Making foreign foods Japanese

Cake shop display in Japan (photo by Janine Cheung)

Cake shop display in Japan (photo by Janine Cheung)

During its two hundred years of isolation, Japan pursued a policy that attempted to prevent foreign political and cultural ideas to penetrate the country. The goal was foremost to thwart the growing influence of the Catholic church by effectively cutting Japan off from the rest of the world. The law stated that Japanese leaving the country as well as foreigners entering Japan would be punished by death. This uncompromising edict did not stop the outside world from seeping into Japanese culture. As an island nation, Japan might at first glance appear to be a reclusive country with a culture very different from its immediate neighbor. However, the transmission of new cultural elements such as cuisine rarely respects national boundaries. In turn, these new crops or dishes were adapted to a new ecological and cultural environment.
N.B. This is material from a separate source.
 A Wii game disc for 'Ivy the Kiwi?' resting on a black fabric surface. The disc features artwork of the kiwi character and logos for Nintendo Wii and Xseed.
In the case of Japan, these transformations might not appear evident, as they became over time an integral part of the culinary culture. If we take a closer look at Japan’s cuisine, we will quickly realize that although these outside forces are far from obvious, they still manage to permeate the country’s culinary culture.
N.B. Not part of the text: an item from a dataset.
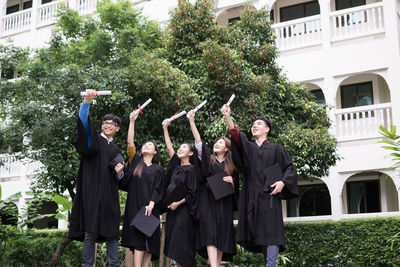 Students in university gowns standing against building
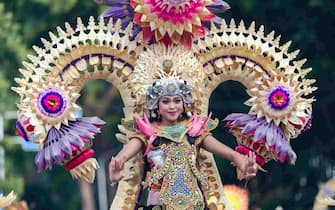 epa11050344 Balinese dancers perform as they take part in a cultural parade, during a new year's eve celebration at a main road in Denpasar, Bali, Indonesia, 31 December 2023.  EPA/MADE NAGI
In contemporary Japan, one can eat many foods that are clearly indicated as coming from abroad. For example, French and Italian foods are omnipresent in Japanese’s food culture. French bakeries have come to dominate Japan’s urban landscape. In Japan, bread is considered a snack and it usually comes covered with toppings like mayonnaise, ketchup or ham. In fact, bread that can be eaten with a meal is specifically called eating bread (shokupan). Most bakeries follow bread-making trends but also compete for originality with different styles of curry breads, melon breads and sweet bean stuffed breads. They will also serve old-fashioned frosted sponge cakes an inescapable treat during Christmas in Japan. Italian cuisine that is hailed from abroad is also prepared in a very Japanese way. Pasta is served with multiple sauces suited for the Japanese palate. Spicy cod roe (mentai) spaghetti or brown seaweed (hijiki) and shiitake pasta will appear on menus in most Italian restaurant in Japan. Also, Japan has a most peculiar way of making pizza. In Japan, pizza is served with an assortment of unusual toppings which include mayonnaise, roasted seaweed, chicken teriyaki and canned tuna.

Seafood pizza with tiny fish (photo by nekotank)

Seafood pizza with tiny jako fish (photo by nekotank)

Some foods although recognized as originating from abroad have acquired a distinct Japanese character to them. Let’s present the case of kare and ramen in Japan. Japanese curry, or kare, is akin to British curry, which was served in the navy and gained prominence in Japan after the Second World War. It is a milder, browner and thicker version of its Indian ancestor. Few people make it from scratch, as instant curry cubes, called kare roux, are readily available in most stores. It is often served with a fried pork cutlet and Japanese pickles called fukujinzuke. It is served with Japanese rice but it is eaten with a Western spoon. The second case, ramen, most likely originated in China and became a favorite in post-war rice-rationed Japan. Ramen done in the Japanese style soon acquired regional specificity. In the north, the city of Sapporo serves its ramen with local ingredient like white miso, butter and sweet corn. In the south, the city of Fukuoka serves its ramen in a pork bone stock attesting of the Chinese influence on the southern island. Moreover, Ramen was initially written in katakana script, which is used for foreign words. Today, more and more shops are using hiragana script to spell ramen, which is used for native words. In this matter, kare and ramen exist as both foreign and Japanese dishes.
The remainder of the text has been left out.